Les défis auquel le gouvernement est confronté restent nombreux

Les défis économiques restent toutefois nombreux. Si la modération de la hausse des prix est un objectif atteignable, la reprise de la croissance sera ardue. La politique macroéconomique, durablement contrainte, n’y aidera pas à court terme. Et les pistes élaborées par le Chancelier Hunt pour ranimer l’investissement, la productivité et les compétences, trois problèmes chroniques du Royaume Uni, sont soit encore floues soit insuffisantes. L’activité souffre aussi d’une baisse de la population active induite par la sortie du marché du travail de centaines de milliers de personnes qu’une politique migratoire moins accueillante ne compense que partiellement. Des réformes structurelles sont attendues.

Au plan social, le gouvernement a du mal à calmer la grogne des grévistes et la fatigue de l’opinion. Selon le gouvernement, la hausse des salaires des fonctionnaires est contrainte par l’inflation et les restrictions budgétaires. Elle pourrait pourtant être envisagée dans le cadre d’un pacte global pour la réforme des services publics et la hausse de leur productivité, en commençant par le système de santé. Par ailleurs, la question d’une plus grande progressivité fiscale reste posée dans un contexte de vieillissement démographique et de précarité élevée. Enfin, la réduction des inégalités territoriales et un contrôle effectif du flux des demandeurs d’asile devraient faire l’objet d’efforts plus résolus.

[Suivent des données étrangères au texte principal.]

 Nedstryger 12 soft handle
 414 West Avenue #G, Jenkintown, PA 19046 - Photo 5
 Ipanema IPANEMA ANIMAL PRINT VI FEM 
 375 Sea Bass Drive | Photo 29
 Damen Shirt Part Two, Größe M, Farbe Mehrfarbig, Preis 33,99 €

Les relations avec l’Union européenne continuent d’être un problème épineux. Certes, la reprise récente des discussions avec Bruxelles pour améliorer l’application du protocole nord-irlandais constitue une lueur d’espoir. Mais rien ne garantit que le parti conservateur approuve un éventuel accord, si celui-ci advient, sans parler d’une nécessaire amélioration générale des relations avec le continent. Le fait que le gouvernement soit toujours en train de prévoir l’annulation des lois héritées de son statut de membre de l’UE, à rebours d’une opinion publique regrettant désormais majoritairement d’avoir quitté l’organisation, n’aide en rien. Le parti travailliste est susceptible d’en récolter les fruits.

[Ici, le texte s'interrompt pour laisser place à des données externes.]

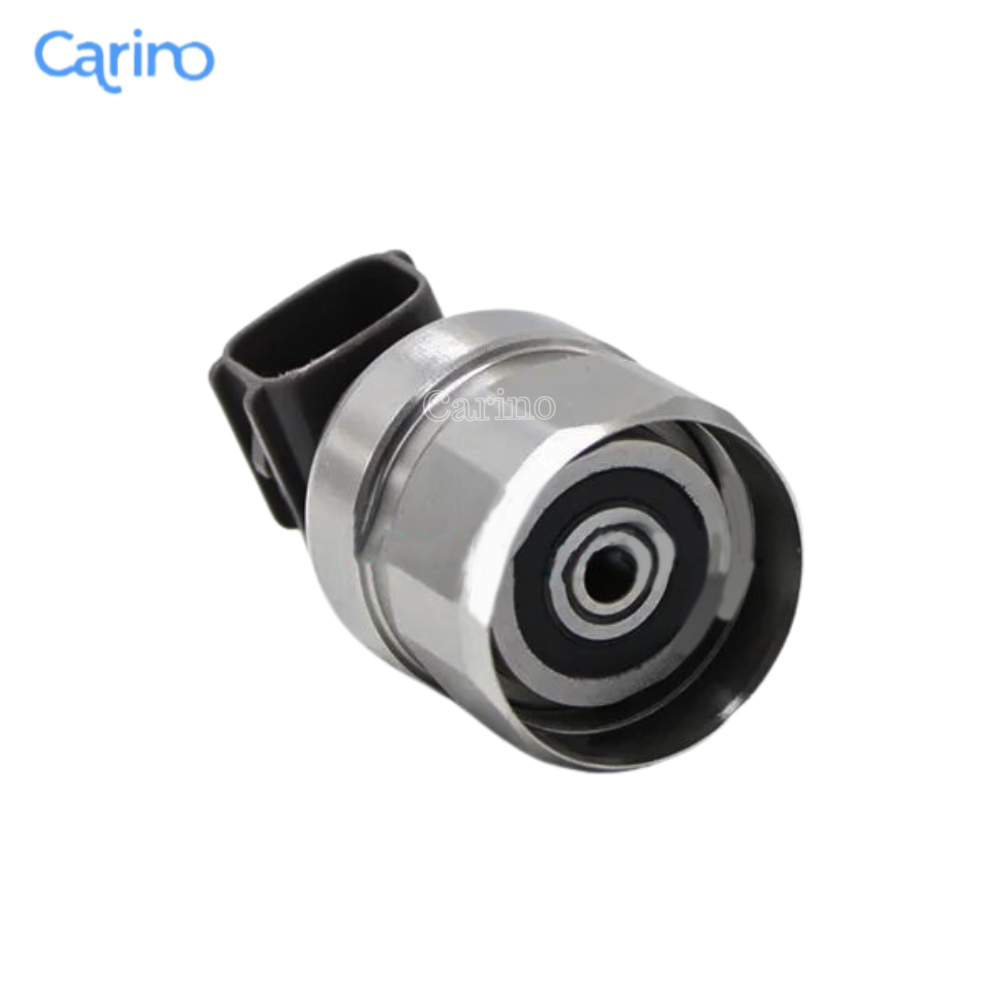 HD110705-1 Solenoid Valve for 23670-0L070 23670-0L050 Diesel Injector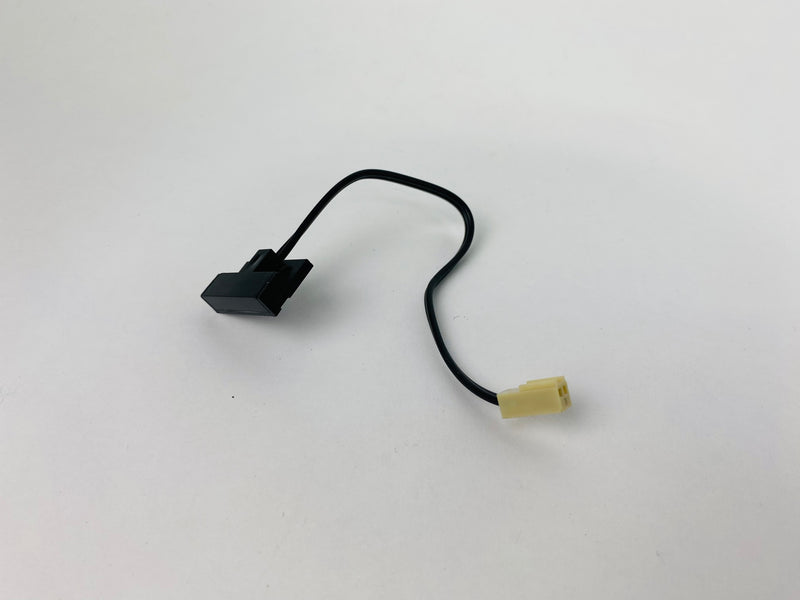 Treadmill Sensors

En somme, Rishi Sunak est parvenu à rétablir un semblant de normalité dans la politique britannique. Il symbolise un pouvoir compétent, intègre et pragmatique, tente de ressouder son parti et de renouer avec une opinion méfiante. Il s’est fixé des objectifs sur lesquels il pense pouvoir démontrer sa plus-value. Toutefois, la conjoncture, le climat social, et les tensions politiques contraignent sévèrement son action ainsi que les espoirs des Conservateurs de rebattre réellement les cartes en vue des élections générales prévues d’ici 2025. Pendant ce temps, le Royaume-Uni continuera de digérer les crises multiples qui le traversent et dont le Brexit a été davantage le catalyseur que la cause.